ASSIGNMENT
Although the listing below holds pictures, reproduce only its lines from the one containing "2124 N Tamiami" through the last, exactly and without them.

GIVEN INFORMATION
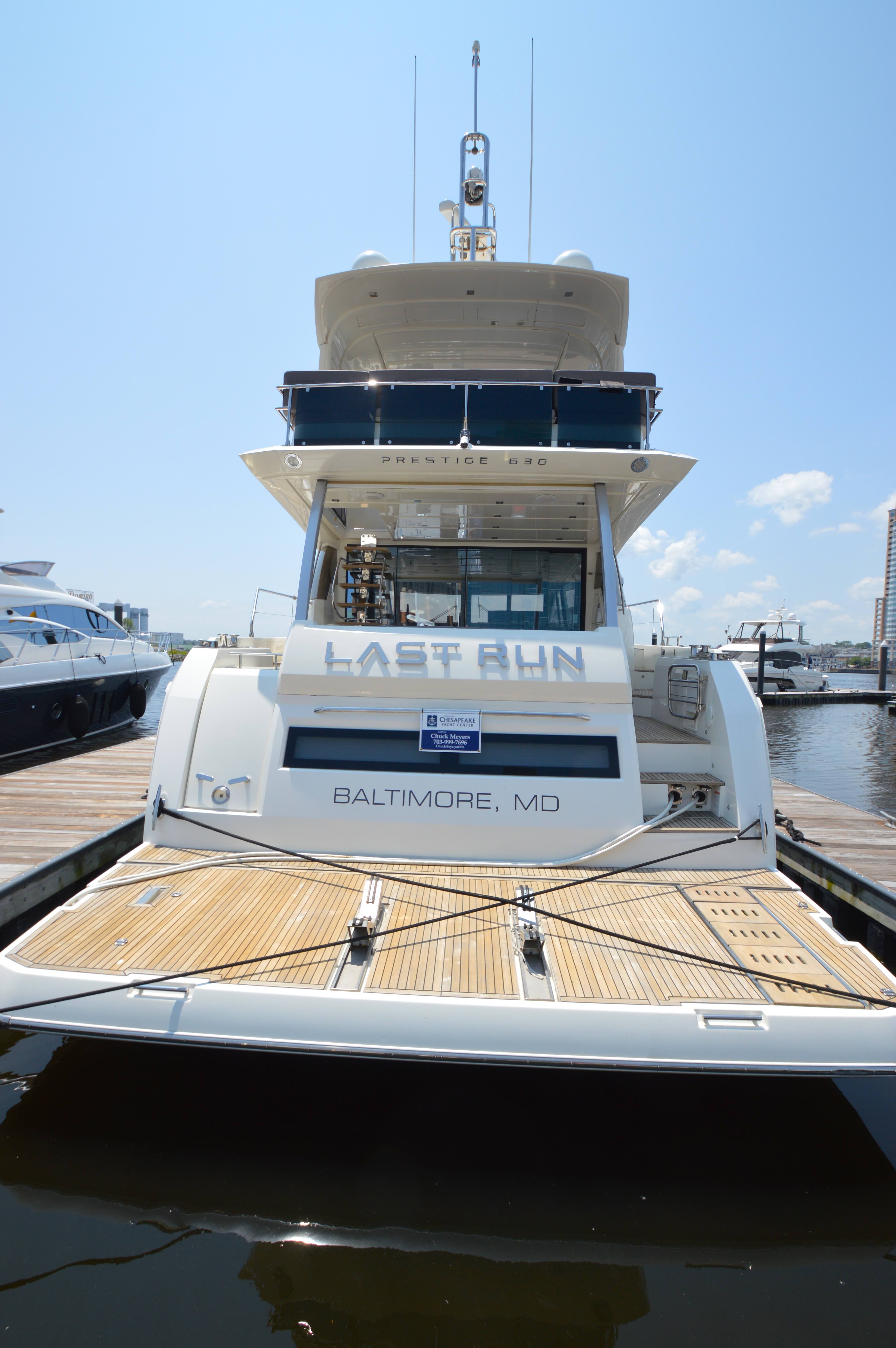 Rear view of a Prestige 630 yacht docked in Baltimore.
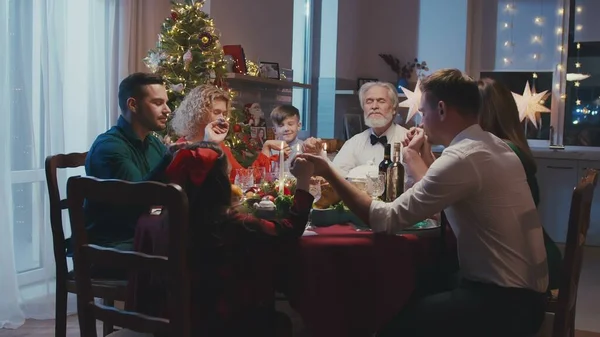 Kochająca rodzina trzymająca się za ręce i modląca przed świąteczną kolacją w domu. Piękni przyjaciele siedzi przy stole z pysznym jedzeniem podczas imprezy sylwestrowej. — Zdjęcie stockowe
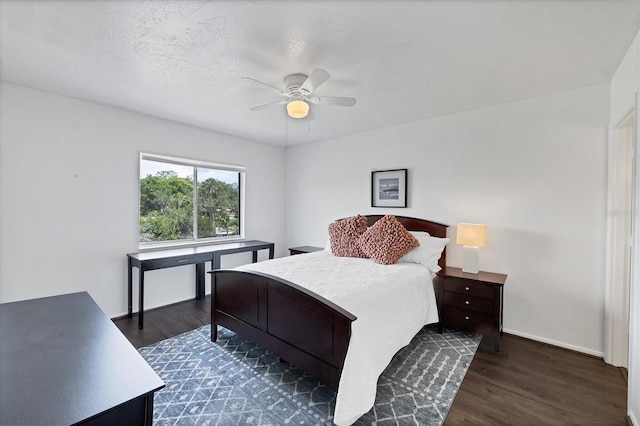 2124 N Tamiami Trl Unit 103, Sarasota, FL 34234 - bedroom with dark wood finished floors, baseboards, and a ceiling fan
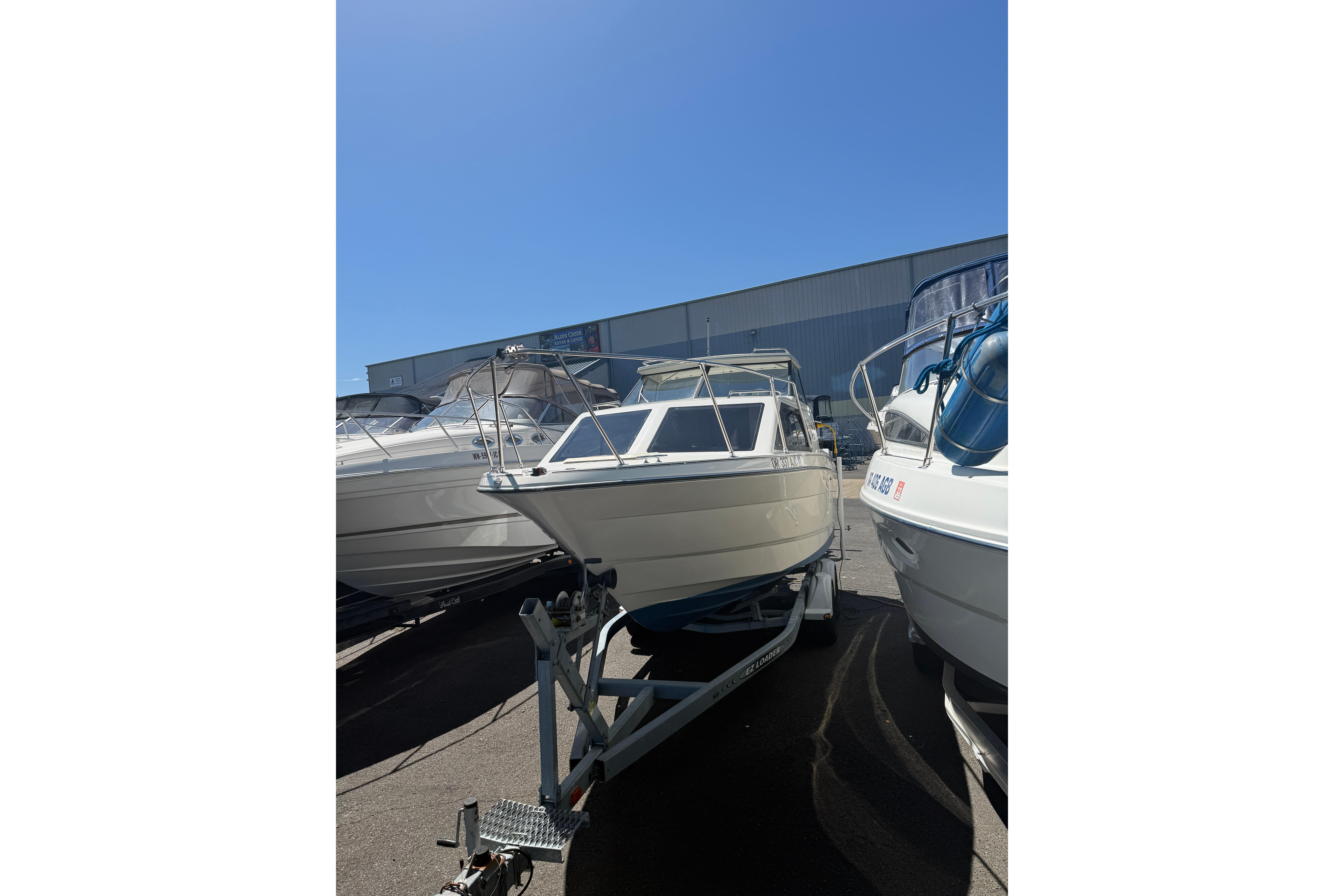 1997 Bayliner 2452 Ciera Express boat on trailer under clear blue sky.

EXPECTED OUTPUT
 2124 N Tamiami Trl Unit 103, Sarasota, FL 34234 - bedroom with dark wood finished floors, baseboards, and a ceiling fan
 1997 Bayliner 2452 Ciera Express boat on trailer under clear blue sky.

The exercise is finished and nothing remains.